In the 1960s and 1970s, Latin American literary excellence emerged in large numbers, thus being called the "Big Bang of Latin American Literature", and a large number of Latin literary writers became popular in Europe and eventually became popular all over the world, many of which have withstood the test of time, such as "One Hundred Years of Solitude", "The Death of Artemio Cross", "The Long Talk of the Bar", "Hopscotch", "Filthy Night Bird" and so on. Names such as Márquez, Carlos Fuentes, Mario Vargas Llosa, Julio Cortázar, José Donoso, etc., are also widely known with these works.

Latin America's "literary explosion" for 60 years: the reverberations have never stopped

Márquez and his wife. Rome in 1969. People's Vision Infographic

The Chilean writer José Donoso, known for "The Filthy Night Bird", as one of the main generals of the "literary explosion", in his memoir "Literary Explosion" Personal Experience", recorded the era when ideals and reality were intertwined, novelty and antiquity coexisted, and the three articles in the book recorded the background, causes and characteristics of the "literary explosion", and the writer also "literary explosion" ten years later in 1982, with the title of "ten years later", with a more mature attitude to review this literary phenomenon.

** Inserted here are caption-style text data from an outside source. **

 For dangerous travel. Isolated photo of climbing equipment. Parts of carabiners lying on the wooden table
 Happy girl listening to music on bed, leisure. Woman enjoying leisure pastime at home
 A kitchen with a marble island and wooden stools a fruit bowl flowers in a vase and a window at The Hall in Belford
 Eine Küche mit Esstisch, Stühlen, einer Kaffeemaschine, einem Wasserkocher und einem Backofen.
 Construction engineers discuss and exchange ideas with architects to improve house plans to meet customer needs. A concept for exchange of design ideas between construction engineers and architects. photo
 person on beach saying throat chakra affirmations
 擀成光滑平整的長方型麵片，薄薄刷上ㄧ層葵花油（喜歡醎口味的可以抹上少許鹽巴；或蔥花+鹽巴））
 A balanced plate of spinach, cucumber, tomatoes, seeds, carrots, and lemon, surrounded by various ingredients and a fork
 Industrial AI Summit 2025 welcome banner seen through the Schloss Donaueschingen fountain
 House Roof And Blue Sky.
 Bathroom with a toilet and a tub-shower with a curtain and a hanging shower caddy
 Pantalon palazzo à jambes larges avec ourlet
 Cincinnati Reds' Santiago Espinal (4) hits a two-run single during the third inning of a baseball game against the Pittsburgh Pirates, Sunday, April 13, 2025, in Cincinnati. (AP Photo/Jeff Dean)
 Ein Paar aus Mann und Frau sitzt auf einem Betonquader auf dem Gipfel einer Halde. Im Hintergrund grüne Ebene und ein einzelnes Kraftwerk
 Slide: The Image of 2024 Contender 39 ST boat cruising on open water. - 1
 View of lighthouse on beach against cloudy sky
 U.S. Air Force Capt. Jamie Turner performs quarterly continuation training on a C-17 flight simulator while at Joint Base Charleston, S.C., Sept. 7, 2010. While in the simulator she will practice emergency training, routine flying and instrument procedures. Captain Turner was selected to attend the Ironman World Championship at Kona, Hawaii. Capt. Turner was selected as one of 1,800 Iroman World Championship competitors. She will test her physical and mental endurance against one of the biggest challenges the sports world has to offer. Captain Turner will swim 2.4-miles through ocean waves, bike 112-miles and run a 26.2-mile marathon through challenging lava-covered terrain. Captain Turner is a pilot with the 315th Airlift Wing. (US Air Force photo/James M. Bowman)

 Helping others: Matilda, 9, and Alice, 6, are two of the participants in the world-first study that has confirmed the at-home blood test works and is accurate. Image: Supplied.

2022 is the 60th anniversary of the "literary explosion" in Latin America, from today's perspective, how to see this "literary explosion" that occurred sixty years ago? Recently, Fan Ye, a teacher and translator of the Department of Spanish-Portuguese-Italian Language at the School of Foreign Chinese of Peking University, shared a lecture entitled "'Explosion' and What It Created: From the 60 Years of 'Literary Explosion' in Latin America" held by the People's Literature Publishing House. The following is an excerpt from the lecture.

Latin America's "literary explosion" for 60 years: the reverberations have never stopped

Cover of Jose Donoso's "Literary Explosion" Personal Experiences.

The time, place and people at which Latin American literature exploded

Latin America's "literary explosion" is not a marketing product worthy of the name, it does leave behind at least four or five world-class works that are immortal in the literary world.

There are some invaluable materials for talking about the "literary explosion" in Latin America, such as how to se Donoso's "Literary Explosion" personal experience, and the research book "From Márquez to Llosa: A Retrospective Literary Explosion" jointly written by two professors from the University of Granada in Spain. Based on these materials, we can mark Latin America's "literary explosion" with time, place, and characters.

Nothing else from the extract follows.